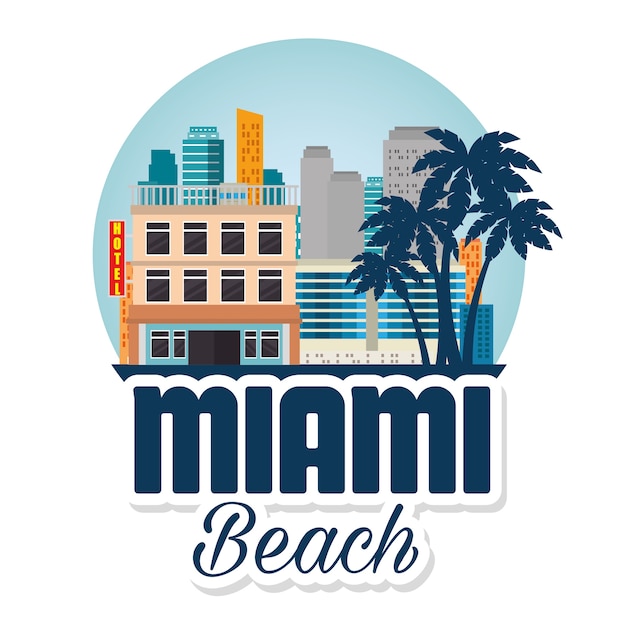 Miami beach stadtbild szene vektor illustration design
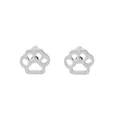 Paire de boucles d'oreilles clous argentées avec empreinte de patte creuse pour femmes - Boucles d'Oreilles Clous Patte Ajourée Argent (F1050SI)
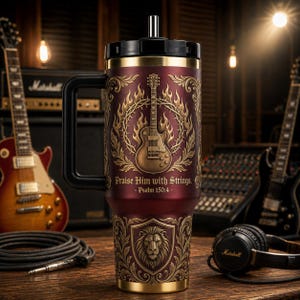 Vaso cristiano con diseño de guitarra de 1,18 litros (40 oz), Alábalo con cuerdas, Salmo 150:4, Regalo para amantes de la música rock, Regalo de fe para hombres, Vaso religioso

==================================================

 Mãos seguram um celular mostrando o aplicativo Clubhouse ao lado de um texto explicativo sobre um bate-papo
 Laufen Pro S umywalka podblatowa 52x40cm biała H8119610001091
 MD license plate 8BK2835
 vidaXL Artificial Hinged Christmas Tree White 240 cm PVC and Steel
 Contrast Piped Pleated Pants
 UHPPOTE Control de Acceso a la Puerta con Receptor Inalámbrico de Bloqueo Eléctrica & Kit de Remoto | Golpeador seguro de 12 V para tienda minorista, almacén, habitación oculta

==================================================

▸ **Task brief**
Look back at the entries above and repeat, unchanged, every line from the line holding "Mãos seguram um" through the line holding "Contrast Piped Pleated Pants".

▸ **Answer space**
 Mãos seguram um celular mostrando o aplicativo Clubhouse ao lado de um texto explicativo sobre um bate-papo
 Laufen Pro S umywalka podblatowa 52x40cm biała H8119610001091
 MD license plate 8BK2835
 vidaXL Artificial Hinged Christmas Tree White 240 cm PVC and Steel
 Contrast Piped Pleated Pants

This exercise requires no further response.